THE TASK: From the material below, retype exactly the lines that begin at the line with "Tianren - Model" and end after the line with "Avondschemering in Bagan"; pictures stay out of the copy.

--- AVAILABLE DATA Enclosed Below ---

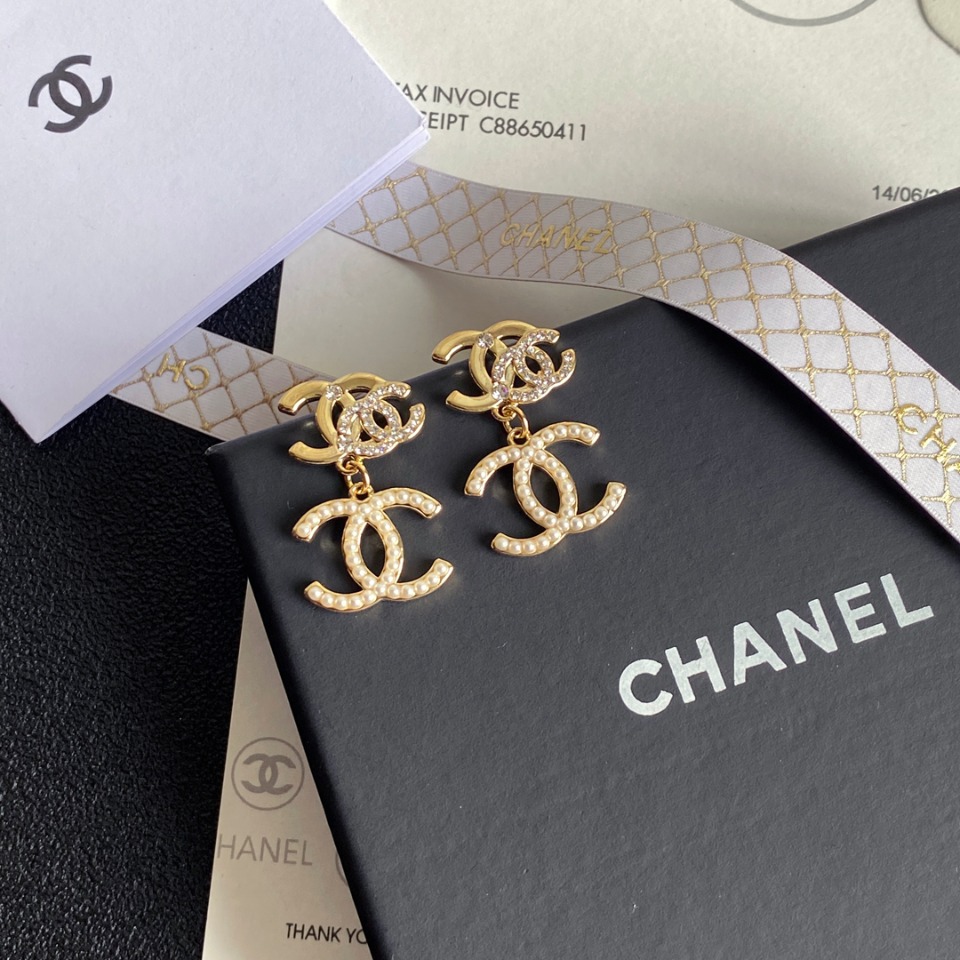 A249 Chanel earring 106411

--- End of Enclosed AVAILABLE DATA ---
--- AVAILABLE DATA Enclosed Below ---

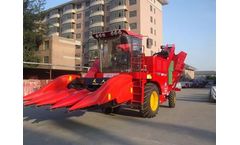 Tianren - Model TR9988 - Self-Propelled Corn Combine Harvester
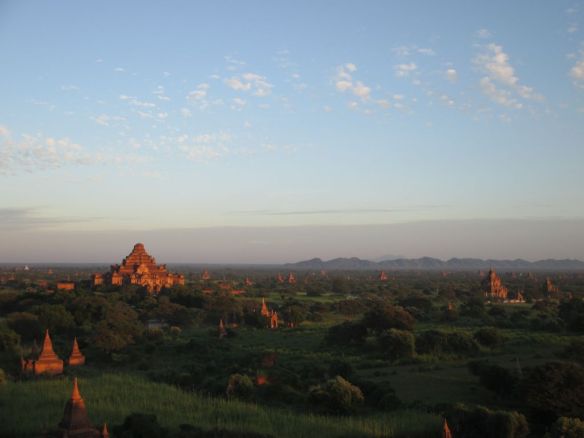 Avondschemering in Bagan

--- End of Enclosed AVAILABLE DATA ---
--- AVAILABLE DATA Enclosed Below ---

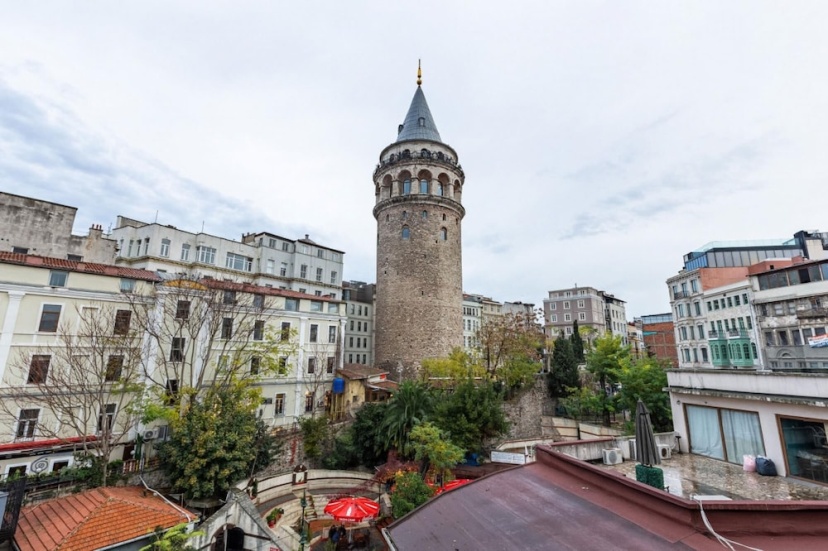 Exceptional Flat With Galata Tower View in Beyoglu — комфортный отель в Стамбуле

--- End of Enclosed AVAILABLE DATA ---

SOLUTION FOR THIS EXERCISE:
 Tianren - Model TR9988 - Self-Propelled Corn Combine Harvester
 Avondschemering in Bagan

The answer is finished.